◆ **Work to be completed**
Below are records; extract exactly the lines from the one with "Circle Sticker Two" through the final line, including both, but drop the pictures.
########################################
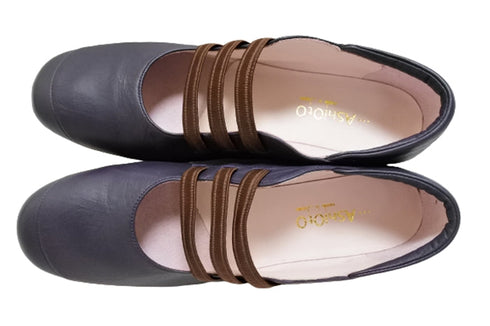 【…AShiOtO A1540 パープル】本革超軽量ゴムストラップシューズ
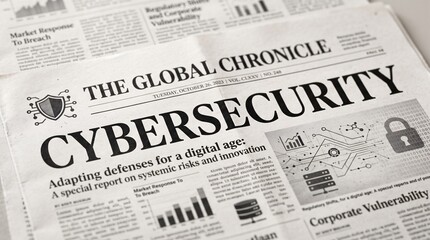 Obraz premium Newspaper front page with cybersecurity headline concept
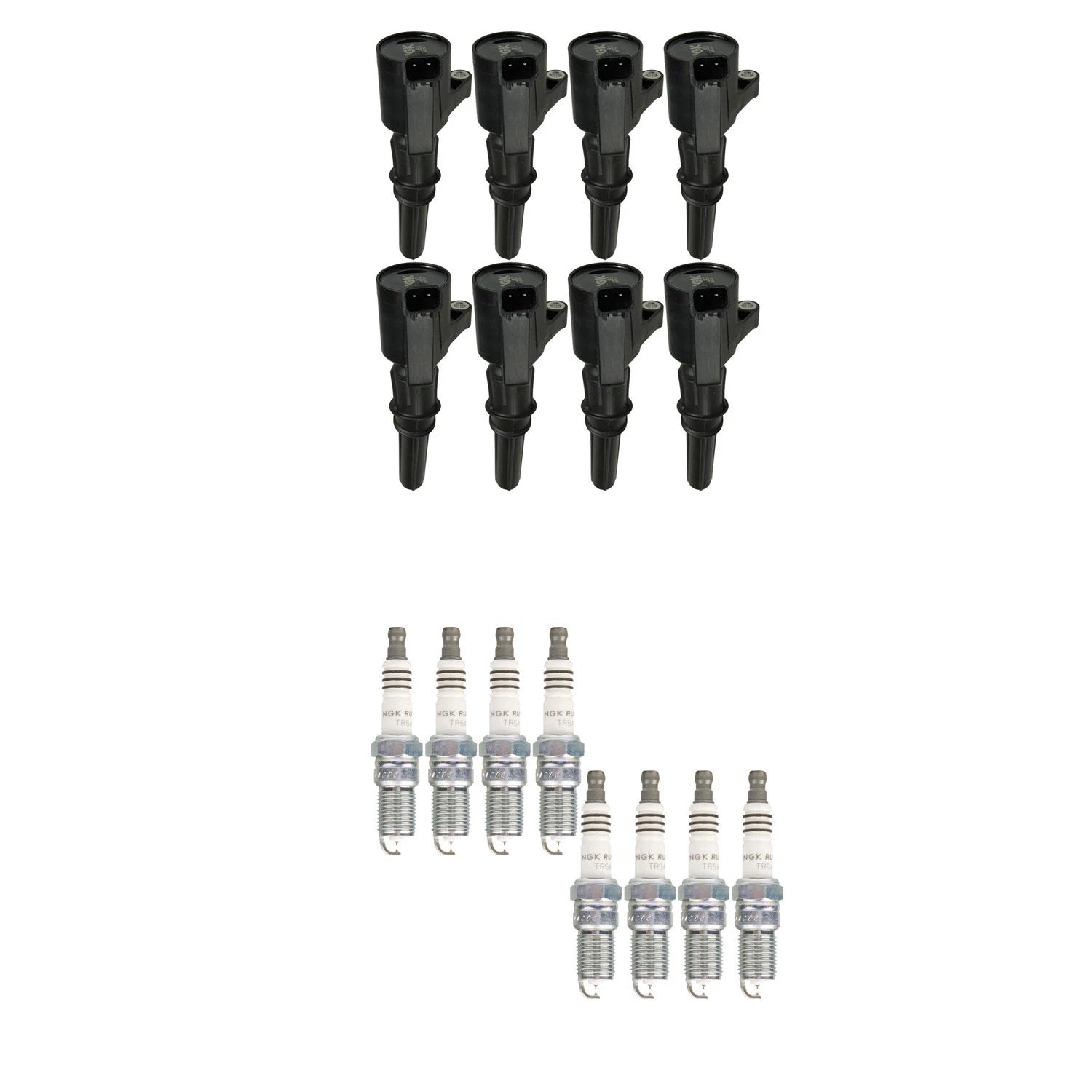 Set of 8 NGK Ignition Coils & Ruthenium Spark Plugs for E150, Explorer, F150, Mustang V8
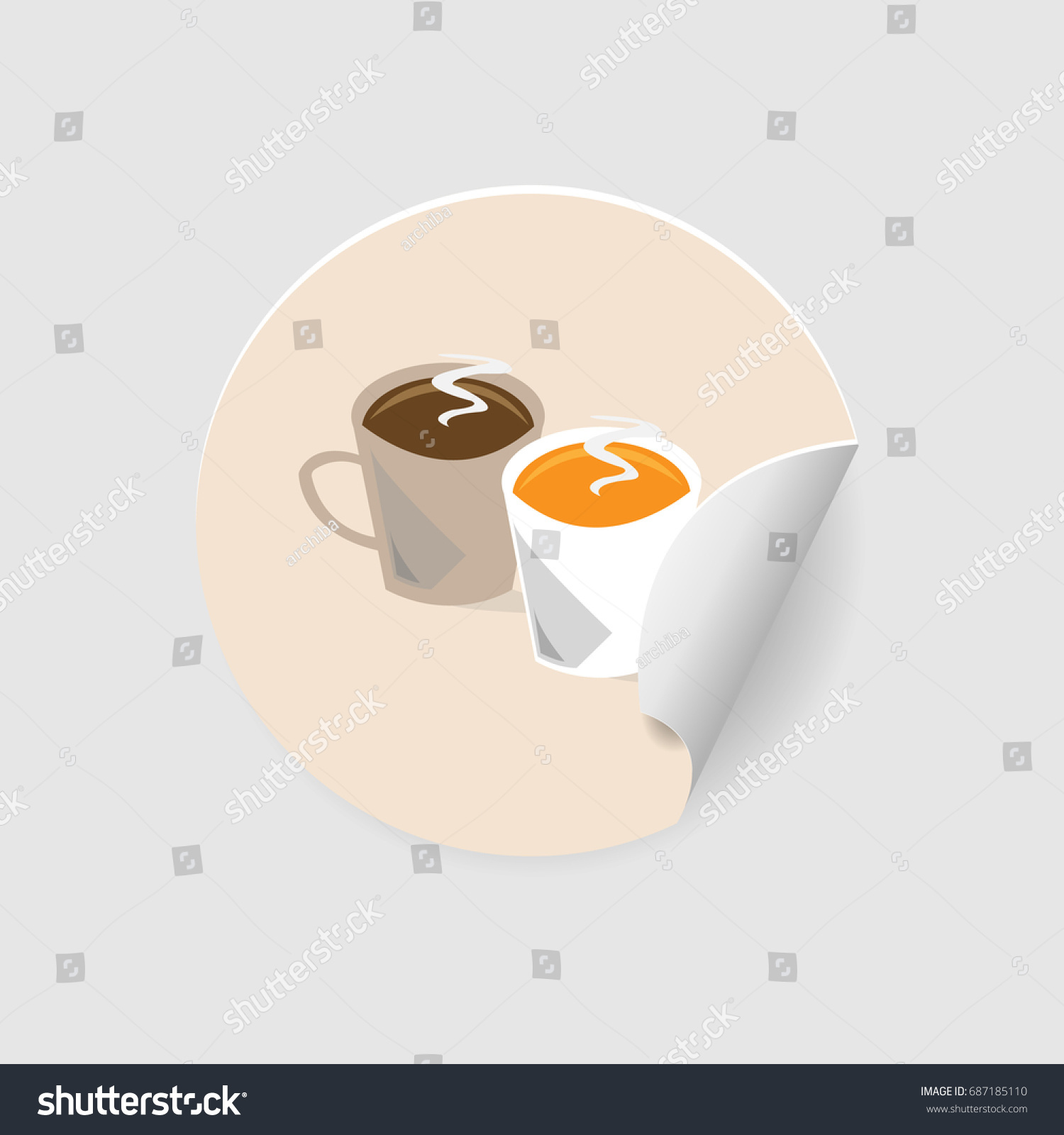 Circle Sticker Two Cups Coffee Isolated Stock Vector 687185110 ...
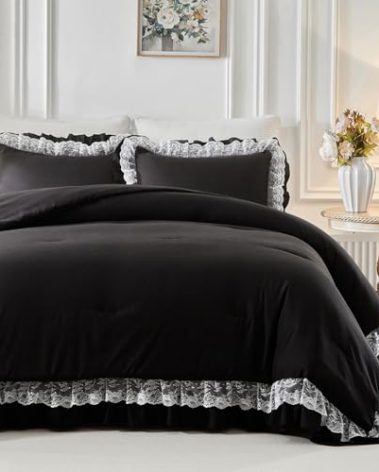 Joyreap Queen Size Comforter Set Black, 3pcs Lace Ruffled Bedding Comforter Set, Microfiber Vintage Gothic Boho Chic Bedding Set for All Season- 88x88 inches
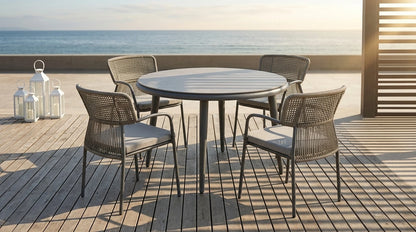 Table de repas aluminium résine ronde mantis grey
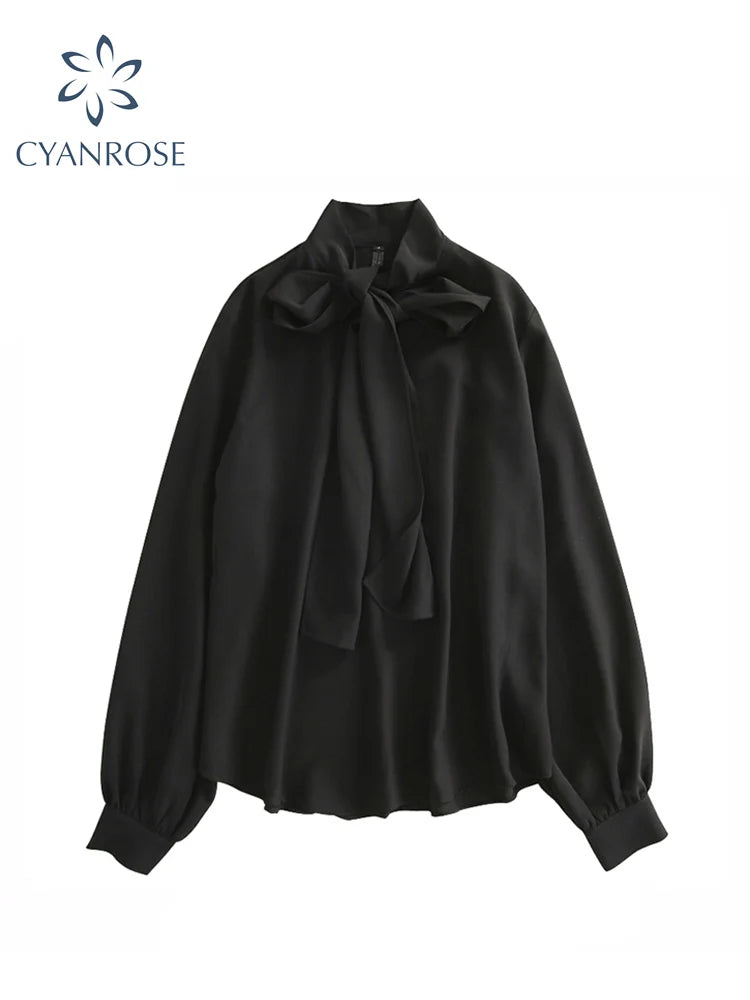 2022 Fall Lace Up Bow Shirt Vintage Long Sleeve Solid Chiffon Casual Blouse Korean Fashion Elegant Office Lady Blusas Woman Tops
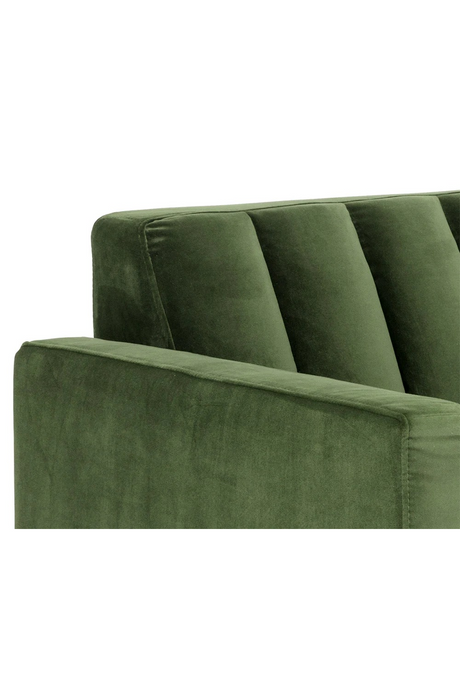 Modern European furniture - Channeled Green Velvet Sofa - www.oroa.com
########################################
◆ **Answer space**
 Circle Sticker Two Cups Coffee Isolated Stock Vector 687185110 ...
 Joyreap Queen Size Comforter Set Black, 3pcs Lace Ruffled Bedding Comforter Set, Microfiber Vintage Gothic Boho Chic Bedding Set for All Season- 88x88 inches
 Table de repas aluminium résine ronde mantis grey
 2022 Fall Lace Up Bow Shirt Vintage Long Sleeve Solid Chiffon Casual Blouse Korean Fashion Elegant Office Lady Blusas Woman Tops
 Modern European furniture - Channeled Green Velvet Sofa - www.oroa.com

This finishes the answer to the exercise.